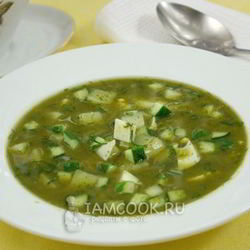 Рецепт Холодного зеленого борща с огурцами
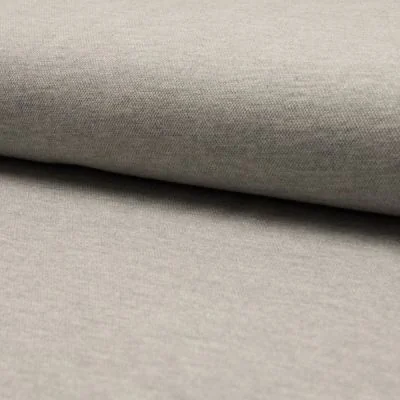 Tissu Jersey Piqué de coton spécial Polo Gris clair chiné - Par 10 cm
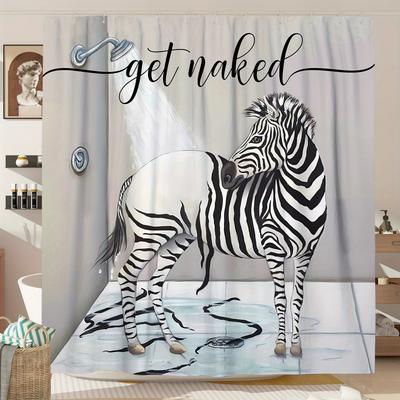 1ks zebra svlékni se černobílá sprchový závěs zábavný roztomilý selský koupelnový dekor polyester pratelný v pračce sprchový závěs
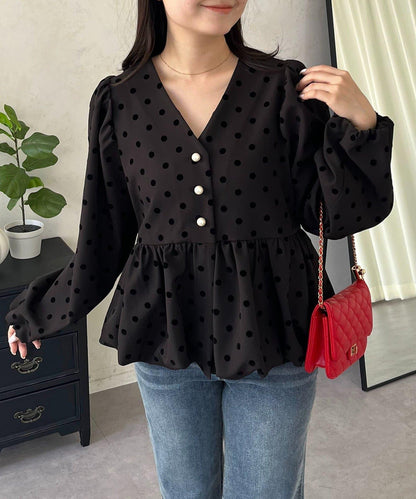 泡泡袖V領 氣球感荷葉擺 女襯衫
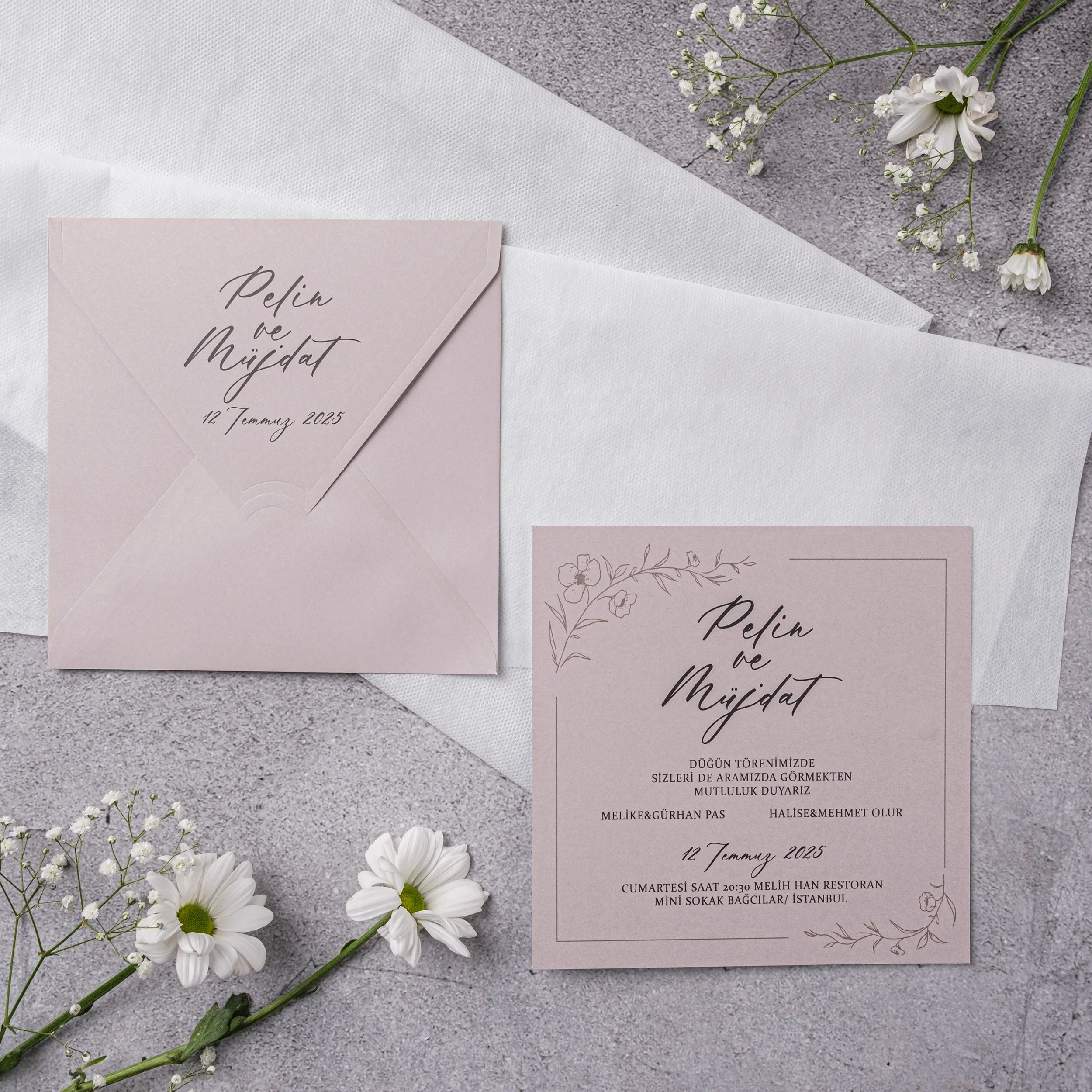 Dusty Pink Floral Corner Wedding Invitation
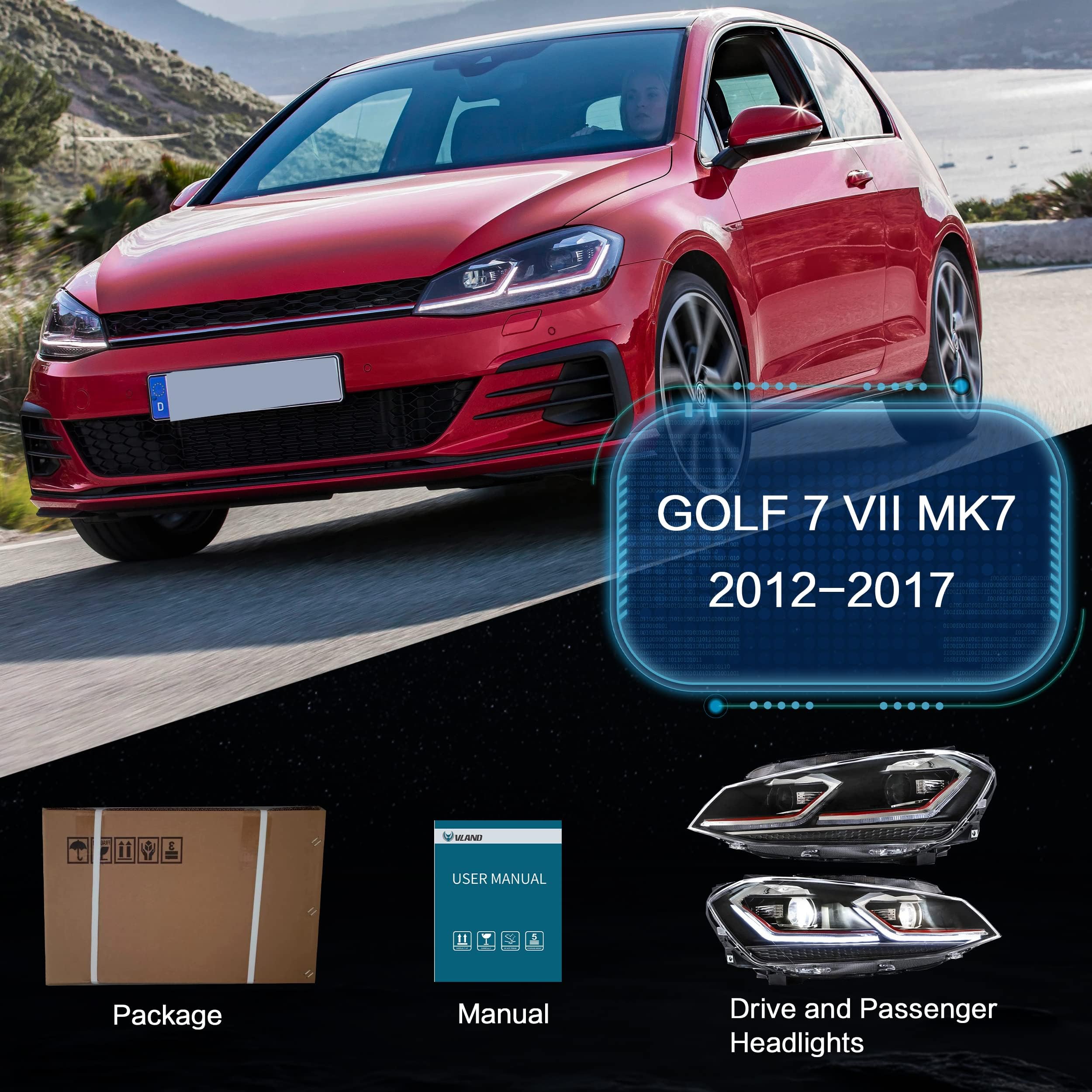 VLAND Headlights Compatible with Golf 7 MK7 TDI TSI 2013-2017, Front Lights with Sequential Indicator, Red Line Headlamps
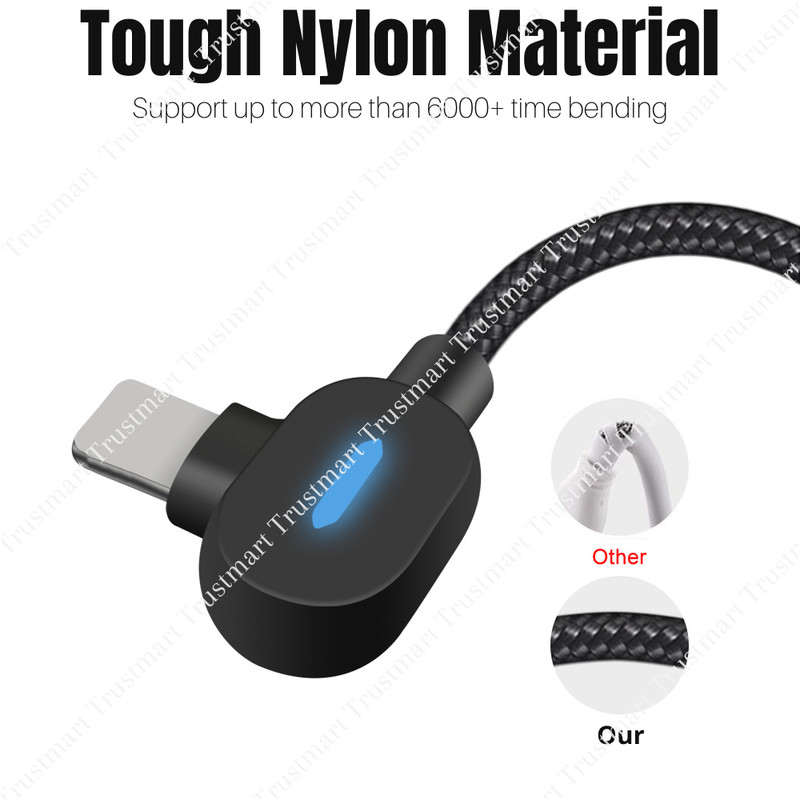 3-Pack 6Ft 90 Degree USB Charger Cable Braided For iPhone 6 7 8 11 Charging Cord gallery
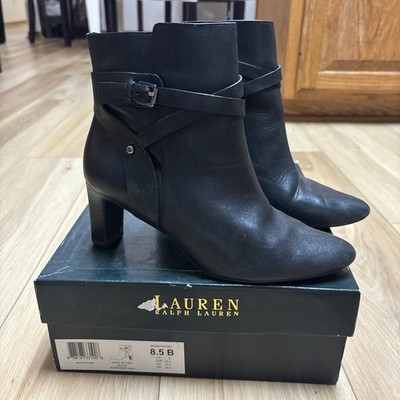 Lauren Ralph Lauren Nadia Black Burnished Ankle Booties Size 8.5 B-2.75  Heel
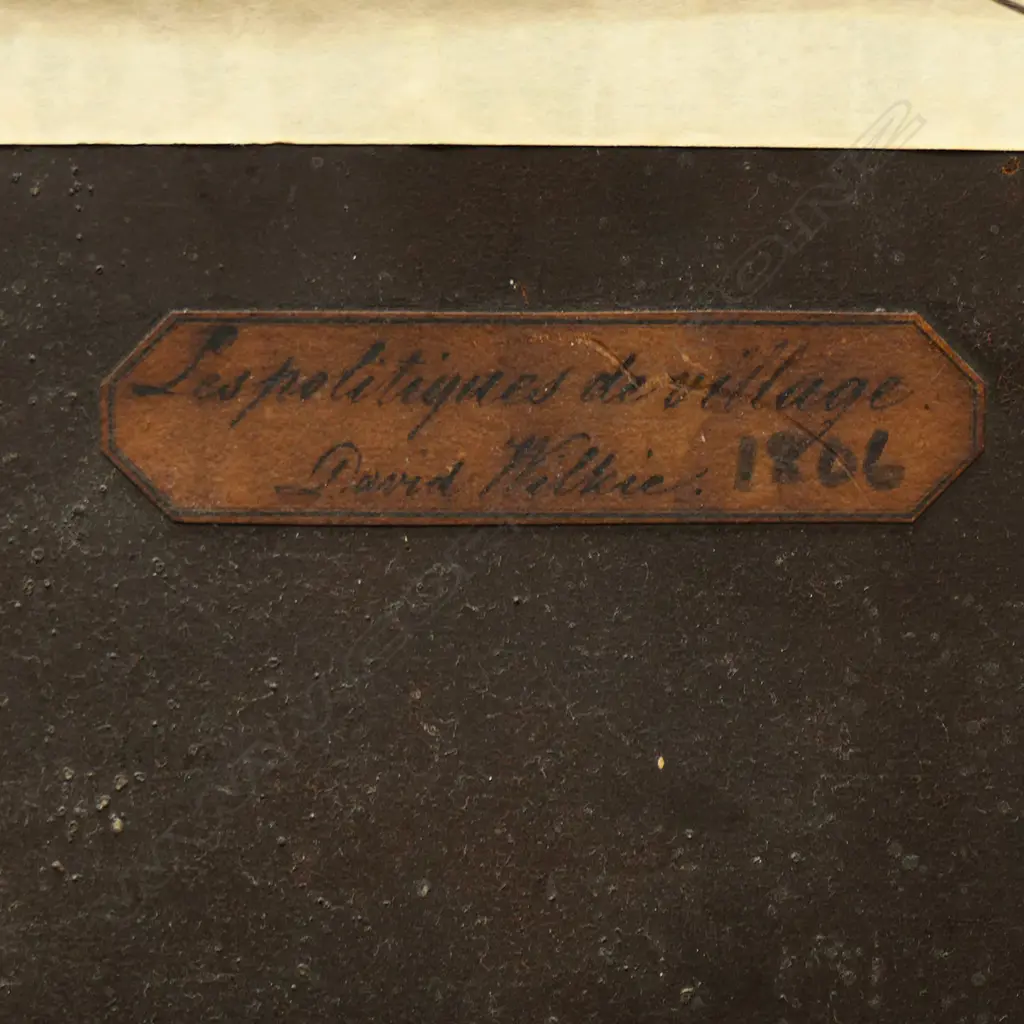 Two 19thC chromolithographs on tin - The Blind Fiddler and Village Politicians by David Wilkie. 180 x 230mm. Image 1++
•••••
Copy out the whole listing exactly, and don't carry over any pictures.

 Рецепт Холодного зеленого борща с огурцами
 Tissu Jersey Piqué de coton spécial Polo Gris clair chiné - Par 10 cm
 1ks zebra svlékni se černobílá sprchový závěs zábavný roztomilý selský koupelnový dekor polyester pratelný v pračce sprchový závěs
 泡泡袖V領 氣球感荷葉擺 女襯衫
 Dusty Pink Floral Corner Wedding Invitation
 VLAND Headlights Compatible with Golf 7 MK7 TDI TSI 2013-2017, Front Lights with Sequential Indicator, Red Line Headlamps
 3-Pack 6Ft 90 Degree USB Charger Cable Braided For iPhone 6 7 8 11 Charging Cord gallery
 Lauren Ralph Lauren Nadia Black Burnished Ankle Booties Size 8.5 B-2.75  Heel
 Two 19thC chromolithographs on tin - The Blind Fiddler and Village Politicians by David Wilkie. 180 x 230mm. Image 1++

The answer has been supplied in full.